I guess the Friedmanian solution is to start our own firm. Clients will love us because we’re cheap, we tweet, and our memory of Introduction to American Legal History is way sharper than those old experienced guys’.
Or here’s a less dangerous idea: since America is wealthy but there’s not a lot of work to go around, we should distribute the wealth according to some other metric besides work. Niceness, maybe, or funniness. And we should give everyone a few sandwiches per day just for being themselves.
UPDATE: here’s an anti-Friedman rant from a lawyer who survived layoffs at her firm. She refuses “to fall into the trap of blaming all the people who had to lose their jobs to justify my own privileged position[.]”
Tom Brady should be in charge of the war in Afghanistan
I think that there is far too much work done in the world [and] that immense harm is caused by the belief that work is virtuous. …
Good nature is, of all moral qualities, the one that the world needs most, and good nature is the result of ease and security, not of a life of arduous struggle.
Bertrand Russell, “In Praise of Idleness”
He’s wrong. Empathy corrupts the practice of medicine and charity, too.
Doctors need to assess, treat, and advise patients unsentimentally. If they don’t, they end up briefly killing patients in order to scam them to the top of the heart donor list; and the patient dies anyway, after which the doctor gets a brain tumor.
Similarly, empathy cripples charity workers. They have to deny food to some people in order to give it to others, suck up to image-conscious donors, and keep ex-con clients in line by torturing them. It follows that only the most reptilian game player can succeed at helping people.
Empathy is a cancer on ALL professions, not just law.
An elementary school principal in rural South Carolina smacks wayward students on the ass with a paddle and receives thoughtful attention from Newsweek.
From what I remember, little kids can be nasty. They insult one another, draw on shoes and desks, secretly tape record school librarians who swear at them, and giggle while waiting in line for chocolate milk during Silent Lunch. So hey, principals, do what you need to do. But here’s an even better idea than ass-paddling children: let children ass-paddle each other.

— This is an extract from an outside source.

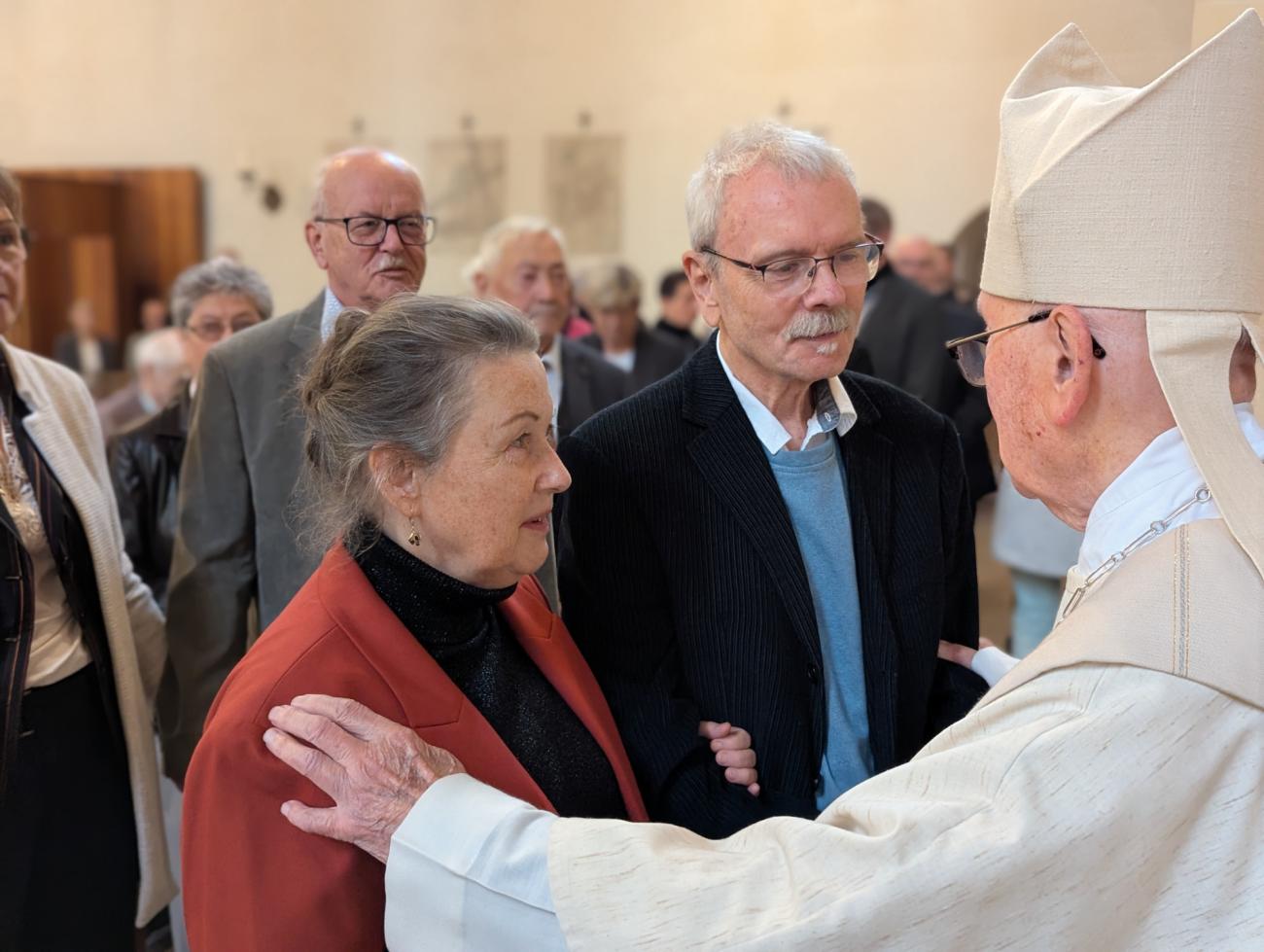 Menschen im Gottesdienst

When a child commits a behavioral error, he is not only hurting himself but all of the children around him. Like a teacher in the article says, “I don’t think it’s right for kids to take away from the instructed time.” Like youth, or cheese left out in the sun, instructed time can never be recovered. The next best way to compensate the bad kid’s victims is to let them take turns smacking him on the ass with a paddle.
Also this way kids can learn not only fear of authority, but fear of everyone. We’ve all heard the stories of excellent teenagers who suddenly misbehave in college. It’s because they’re not scared enough. No authority figures around. Well, if they’re afraid of everyone then voila! They will behave forever.
Besides getting herself appointed to the US Senate by being a Woman with Strong Appeal Upstate, Kirsten Gillibrand is also a lawyer who used to represent Philip Morris. Above the Law makes fun of people who care:
As an associate, especially a “superstar” associate as Gillibrand appears to have been, you work for the partners and represent the clients they tell you to represent. It’s really not that complicated.
Understood! But wouldn’t the world be a better place if all ambitious people refused to help out sleazy companies because they knew the Times would bite them for it later? “Superstars” might have to spend all their time working for legit causes.